## Work to be completed
From the listing that follows, reproduce only the lines from the one holding "Bvlgari B.Zero1 18k Yellow Gold Bracelet" through the one holding "ONWARD CROSSET SELECT 市川 コーディネート画像", both included, with no pictures.

## Data listing
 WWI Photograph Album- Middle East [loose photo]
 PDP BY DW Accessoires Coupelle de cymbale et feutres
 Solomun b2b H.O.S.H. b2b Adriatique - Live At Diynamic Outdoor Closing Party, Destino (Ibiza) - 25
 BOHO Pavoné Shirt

* * *

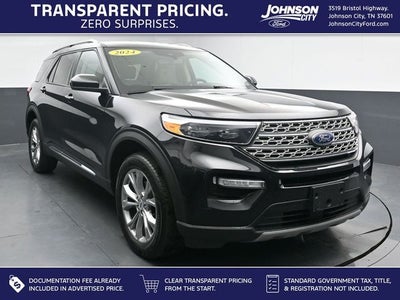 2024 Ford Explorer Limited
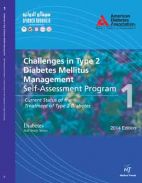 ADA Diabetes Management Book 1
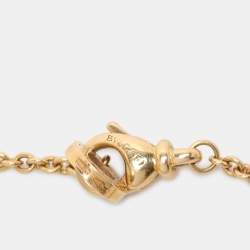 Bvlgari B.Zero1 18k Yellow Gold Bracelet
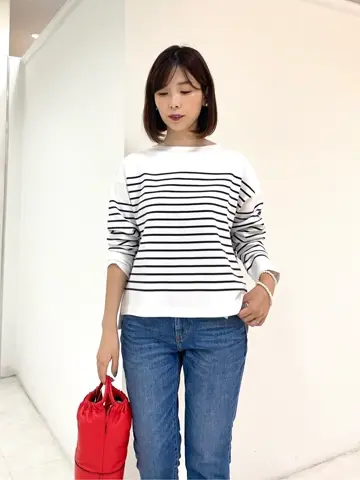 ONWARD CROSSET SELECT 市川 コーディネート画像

...

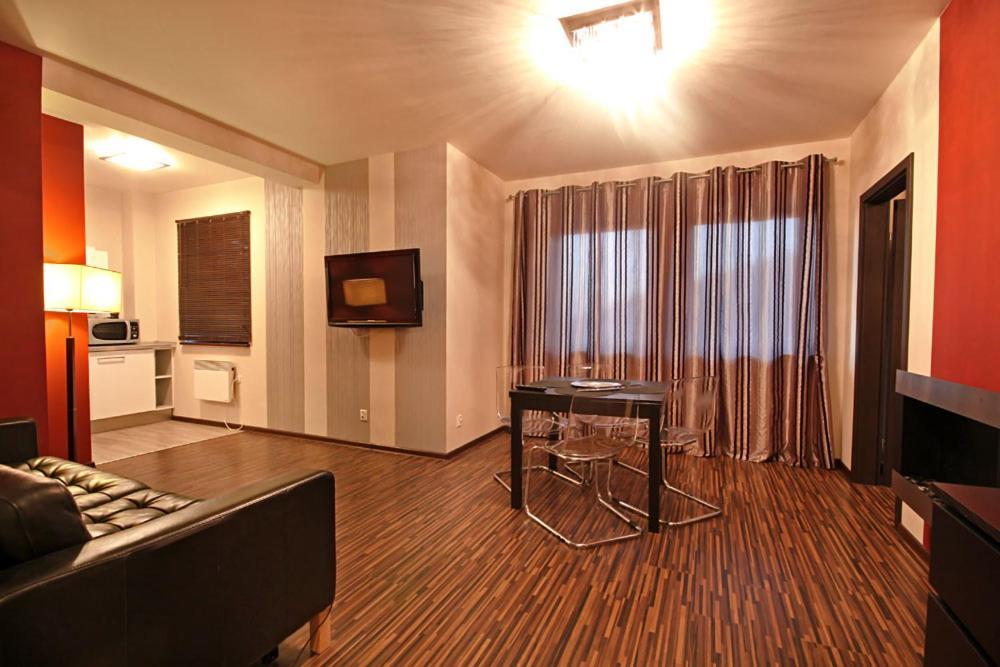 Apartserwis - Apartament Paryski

## Answer section
 Bvlgari B.Zero1 18k Yellow Gold Bracelet
 ONWARD CROSSET SELECT 市川 コーディネート画像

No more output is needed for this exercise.